Trigger = above 191.45 (above 20-day MA)
Target = new highs (will trail stop)
Stop = 188.70 (below yesterday’s low)
Shares = 200

Notes = As discussed in the commentary above, BBH is poised for a resumption of its primary uptrend. Our entry point will be above the 20-day MA, which also correlates to a breakout above the downtrend line from the August 3 high. If you have never traded BBH before, note that it can be quite volatile, so be sure to adjust your share size accordingly.

Daily Reality Report:

Below is an overview of all open positions, as well as a performance report on all positions that were closed only since the previous day’s newsletter. Net P/L figures are based on the $50,000 Wagner Daily model account size. Changes to open positions since the previous report are listed in red text below:

    Open positions (coming into today):

      RTH short (200 shares from Aug. 5) –
      shorted 100.20, stop at 99.80, target 95.20, unrealized points = + 2.63, unrealized P/L = + $526

      UTH short (150 shares from Aug. 10) –
      shorted 113.13, stop 114.55, target 107.80, unrealized points = (0.76), unrealized P/L = ($114)

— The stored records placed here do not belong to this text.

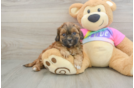 Shih Poo Puppy for Adoption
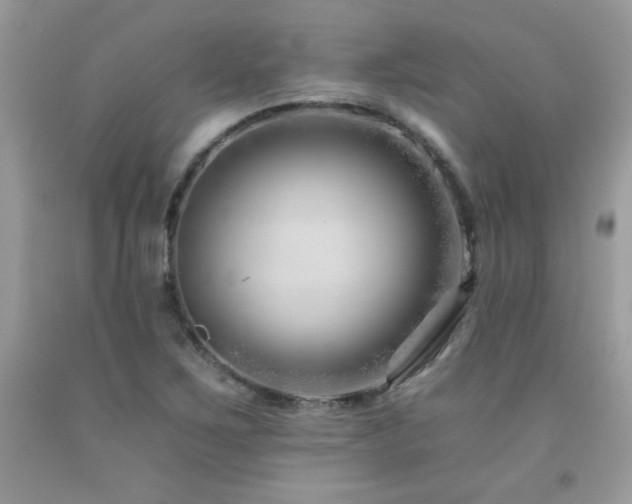 X0000092261267200709141202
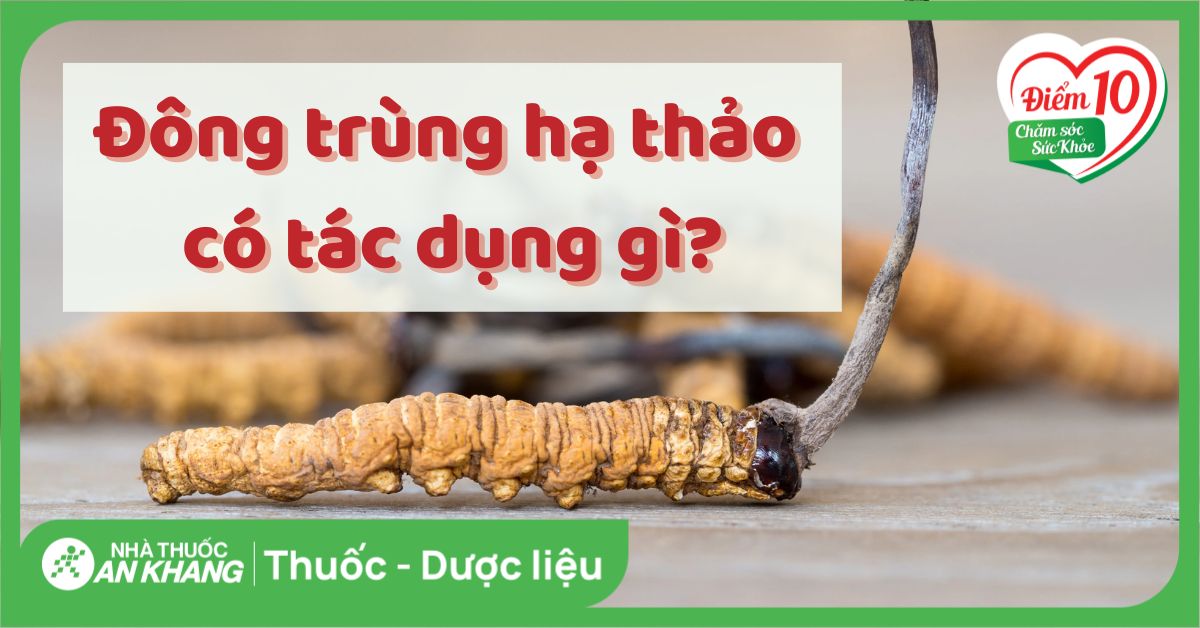 7 cách ngâm rượu đông trùng hạ thảo, công dụng và cách dùng hiệu quả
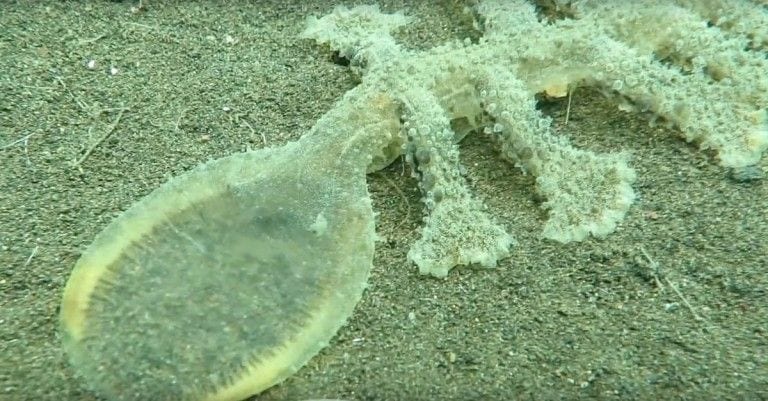 «Melibe leonina» es el nombre del ser vivo más curioso e hipnótico que vas a conocer hoy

    Closed positions (since last report):

      RTH short (200 shares from Aug. 5) –
      shorted 100.20, covered 97.81, points = + 2.39, net P/L = + $474

    Current equity exposure ($100,000 max. buying power):



      Per intraday e-mail alert, we lowered the stop on half of the RTH position yesterday. This enabled us to lock in a gain of 2.39 points on 200 shares, but we still remain short 200 with new stop of 99.80. Because UTH closed yesterday so close to its stop price, it could easily open, trigger our stop on the upside, then fall lower. As such, we have raised the stop only slightly to give it a little “wiggle room.” We will, of course, honor the new stop if it is hit.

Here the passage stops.